Captioned web image data:
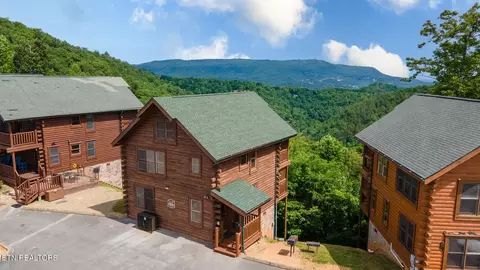2819 White Oak Ridge Ln, Sevierville, TN 37862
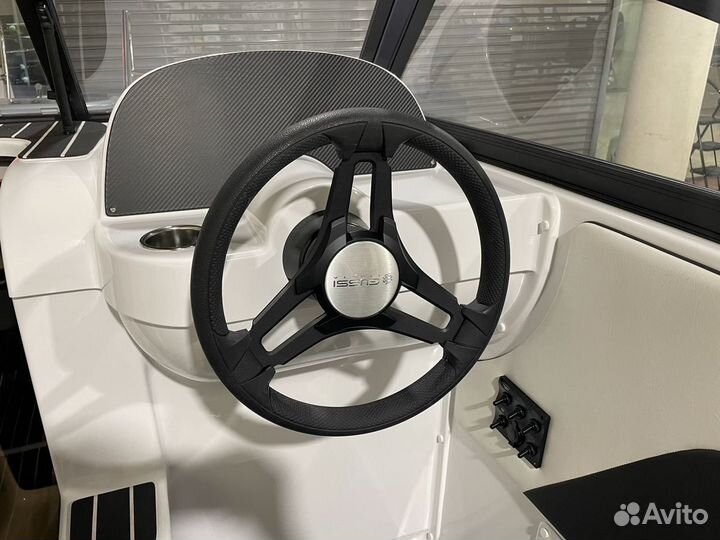 Семейная локда с каютой Phoenix 560 Cruiser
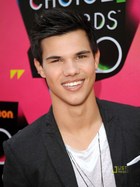 Taylor Lautner : taylor-lautner-1316350477.jpg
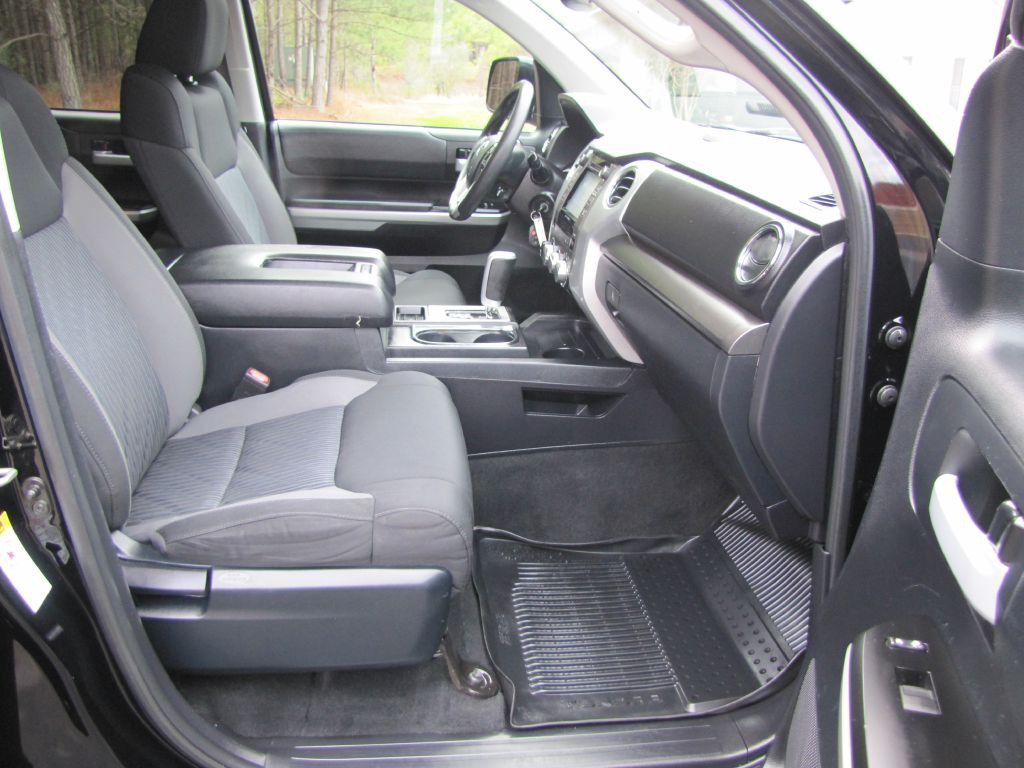 2017 Toyota Tundra Image 12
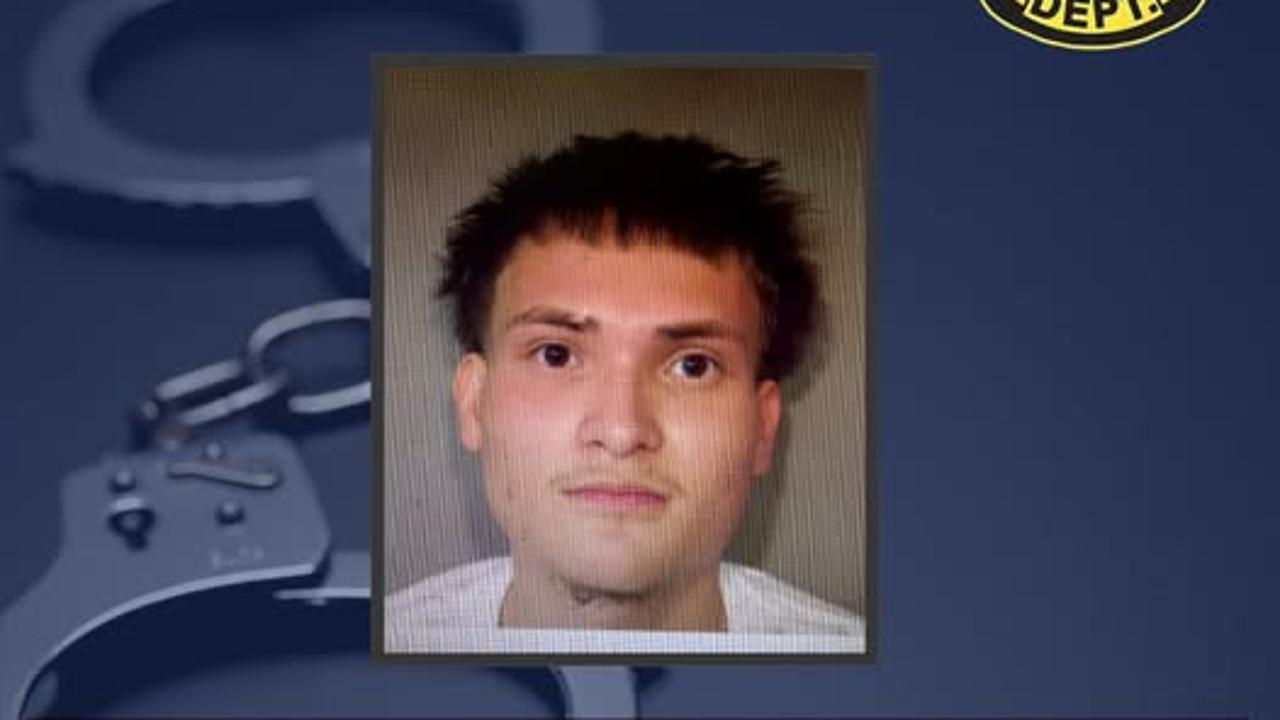 Man, 18, accused of dragging Sugar Land police officer during traffic stop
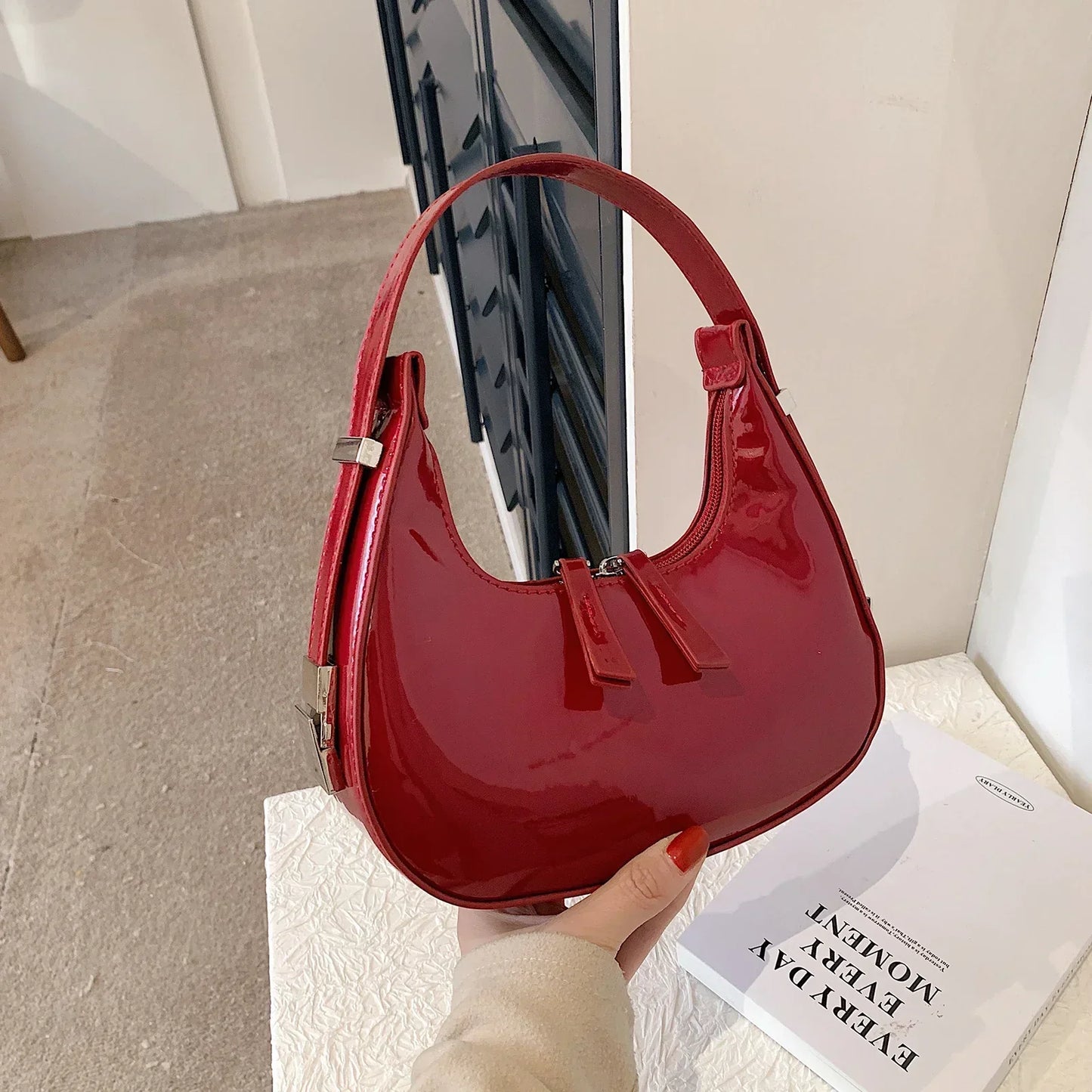 bella™ – vintage halvemaan schoudertas
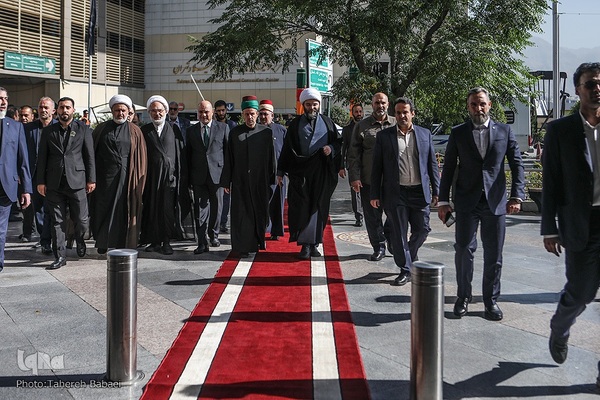 آیین اهتزاز پنج پرچم حرمین عتبات عالیات در برج میلاد تهران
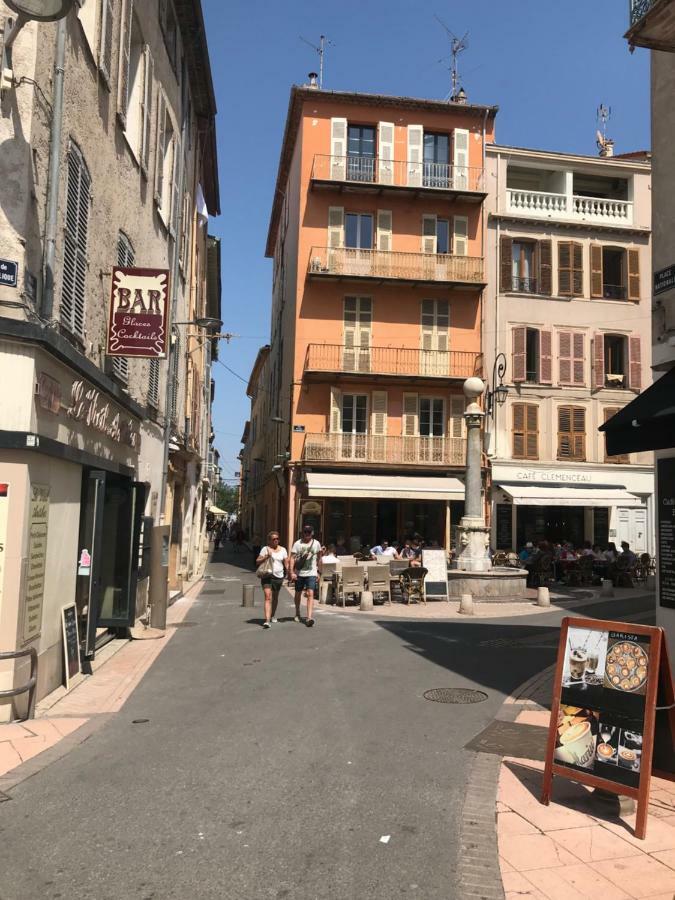 شقة Sleep In Antibes City Center المظهر الخارجي الصورة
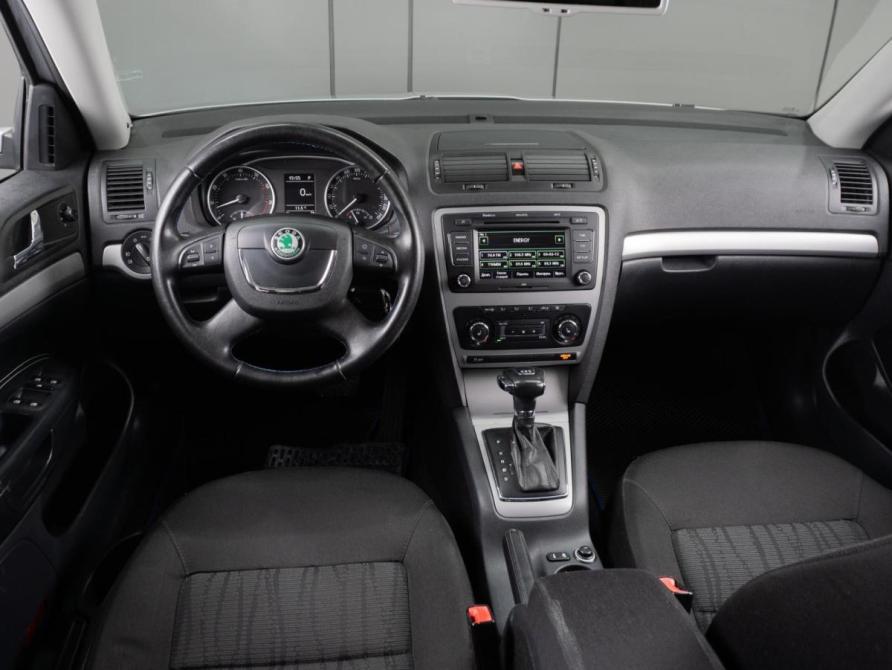 Skoda Octavia II (A5) Рестайлинг Тюмень  - изображение 6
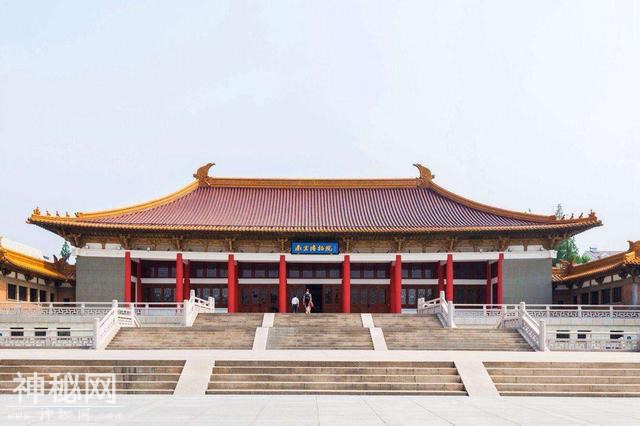 清康熙有一件万寿纹尊，上面写同一个字，但数量估计无法查清-7.jpg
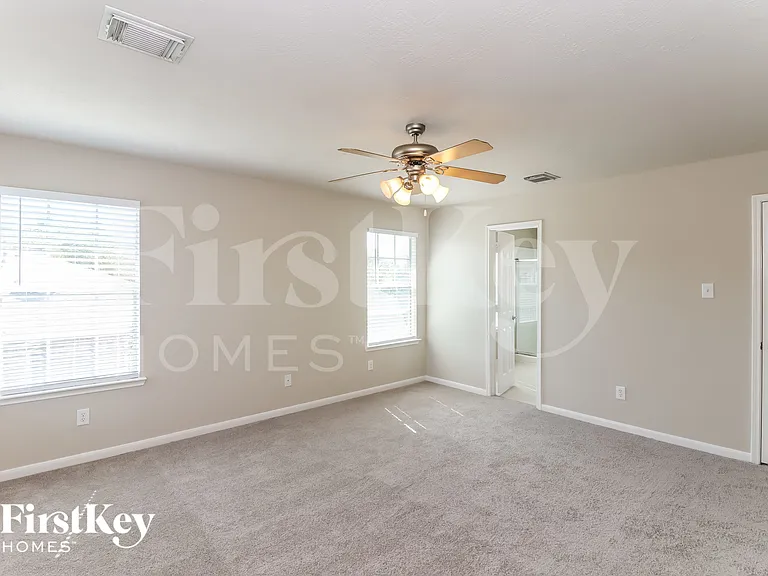 7811 Brookfield St — Photo 11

- EXERCISE INSTRUCTIONS
Copy the records shown above in their entirety and exactly; images are to be left out.

- RESPONSE
2819 White Oak Ridge Ln, Sevierville, TN 37862
 Семейная локда с каютой Phoenix 560 Cruiser
 Taylor Lautner : taylor-lautner-1316350477.jpg
 2017 Toyota Tundra Image 12
 Man, 18, accused of dragging Sugar Land police officer during traffic stop
 bella™ – vintage halvemaan schoudertas
 آیین اهتزاز پنج پرچم حرمین عتبات عالیات در برج میلاد تهران
 شقة Sleep In Antibes City Center المظهر الخارجي الصورة
 Skoda Octavia II (A5) Рестайлинг Тюмень  - изображение 6
 清康熙有一件万寿纹尊，上面写同一个字，但数量估计无法查清-7.jpg
 7811 Brookfield St — Photo 11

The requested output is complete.